I cannot understand the function “yolo_filter_boxes” in the assignment. How are the shapes assigned and what is the meaning of the mask at the end?? Could someone explain it in steps…??
The output shape of the neural network in this exercise is (19,19,5,85). It has been broken down into three separate Python objects:
(19,19,5,1) for the predicted confidence an object is detected.
(19,19,5,4) for the predicted center location coordinates and bounding box shape.
(19,19,5,80) for the object class predictions.
This function works on each of the three separately but keeps them aligned, or synchronized.

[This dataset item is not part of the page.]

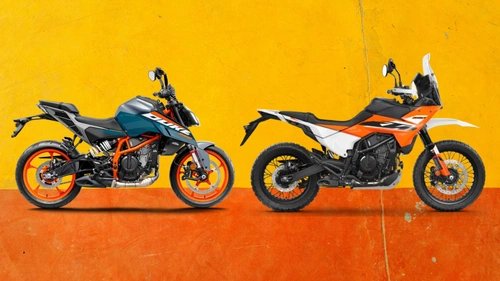 All You Need To Know About Upcoming KTM 350 CC Motorcycles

One step is to compute a weighted class prediction corresponding to p_c * c_i in the notebook narrative. This is called box_scores
.
Next, find the index of the highest weighted class prediction in box_scores
.
In order to suppress low confidence predictions, you use Python broadcasting to create a boolean mask that compares the values in box_scores
to a scalar threshold
. If the highest valued class prediction is lower than threshold
mark the prediction False
, otherwise True
.
Apply the resulting boolean mask to each of the three multi-dimensional objects - the deconstructed CNN output. This results in three new multi-dimensional objects. The shape depends on the input shape (whether it was the scores, the coordinates, or the classes) and how many of each survived the threshold filtering.